Club Brugge know what they have. They do not want to lose their star, yet there is a growing acceptance that keeping him may be impossible. Europe’s biggest clubs have started circling, and with that comes the reality of modern football: every project has its ceiling when the giants knock.
The Belgian champions are expected to demand a club-record sale. That benchmark currently belongs to Ardon Jashari, who joined AC Milan for €36m (£31.2m) last summer. Any deal for Tzolis would need to beat that figure, but even then, it would still sit at roughly a third of what United have been quoted for Diomande or Rogers.
For a club trying to stretch its budget across several positions, that calculation matters.
England calling
United are not alone in the chase. Arsenal, Aston Villa and Chelsea have all been linked, while Juventus are monitoring the situation from Serie A. This is not a hidden gem anymore; it is an open auction waiting to happen.
And Tzolis is not exactly shying away from it.
Asked directly by DAZN about interest from England’s elite, the Greece international did little to cool the speculation. “United could convince me. Such a massive club with so much history. It would be hard to say no to that,” he admitted, with what was described as a rueful smile. He also made clear that a move to a club like Crystal Palace does not sit on the same level in his mind.
Those words will not have gone unnoticed in Manchester.
They have also drawn backing from within Belgium. Veteran coach Hein Vanhaezebrouck believes the winger is ready for the Premier League and did not hesitate to name the stage he feels suits him best.
“I hope he ends up in the Premier League. That level suits him,” the 62-year-old said. “Clubs like Arsenal, Manchester United, and certainly Liverpool would be an excellent step.”
When a player’s numbers, ambition and external endorsements all point in the same direction, the transfer narrative tends to gather speed.
A proven path from Belgium to England
United do not have to imagine what a successful leap from the Jupiler Pro League to the Premier League looks like. They have lived it.
Last summer’s £18.1m signing of Senne Lammens from Royal Antwerp raised eyebrows at the time. A young Belgian goalkeeper tasked with bringing stability to one of the most scrutinised positions in English football was always going to face questions.
He has answered them emphatically.
Across the 2025/26 campaign, Lammens delivered 32 Premier League appearances, conceding 39 goals and anchoring a defence that finally looked organised. Add four outings back in Belgium and one in the FA Cup, and he closed the season on 37 games and 45 goals conceded in total, clocking 3,330 minutes. The yellow cards were minimal, the drama even less.

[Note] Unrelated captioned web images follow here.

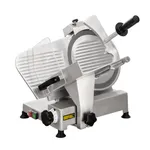 Apuro Meat Slicer - 300mm angled close-up showing stainless steel body, clear plastic carriage, and red and green power switch.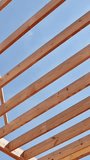Wooden roofing rafters joist trusses at new residential house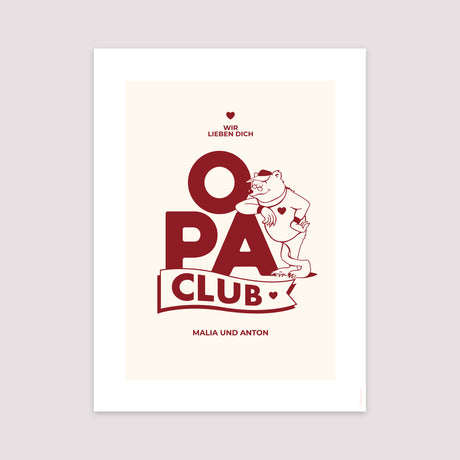 Poster Objekte Porträt Opa Bär Club
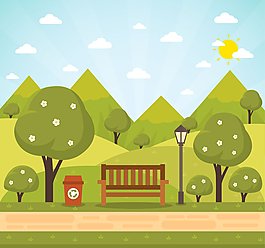 綠色公園風(fēng)景矢量素材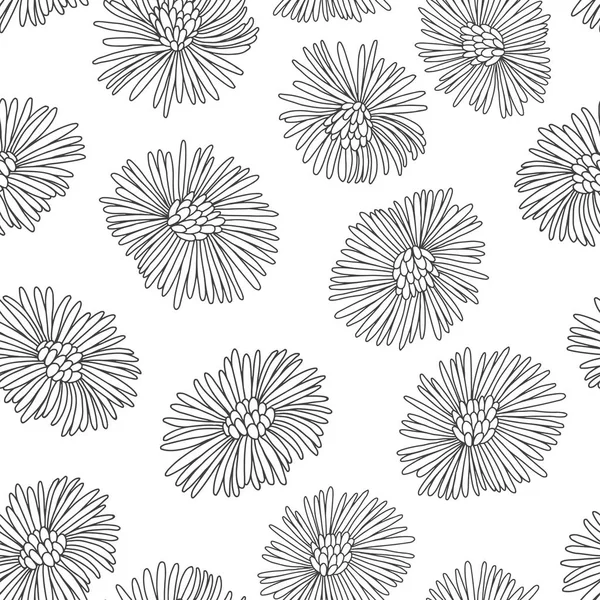 Naadloze Patroon Met Hand Getrokken Bloemen Witte Achtergrond — Stockvector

The impact did not go unnoticed. The Athletic voted him signing of the season, a rare accolade for a goalkeeper and a clear signal that the Belgian top flight can provide players who adapt quickly to England’s pace and physicality.
For INEOS, that success story changes the conversation. The Jupiler Pro League is no longer just a scouting outpost; it is a proven recruitment lane.
The next big decision
So United stand at a familiar crossroads. Spend huge on a Premier League-proven name or a Bundesliga star with a swollen price tag, or back their scouting, trust the data, and move decisively for a player whose numbers are impossible to ignore.
Tzolis offers goals, assists, versatility across the frontline and a clear desire to test himself at the very top. Brugge will drive a hard bargain, but not an impossible one. The competition is serious, yet so is United’s need for a left-sided forward who can both create and finish.
They have already found one cornerstone of their rebuild in Belgium.
The question now is whether Christos Tzolis becomes the next piece of that new Old Trafford puzzle.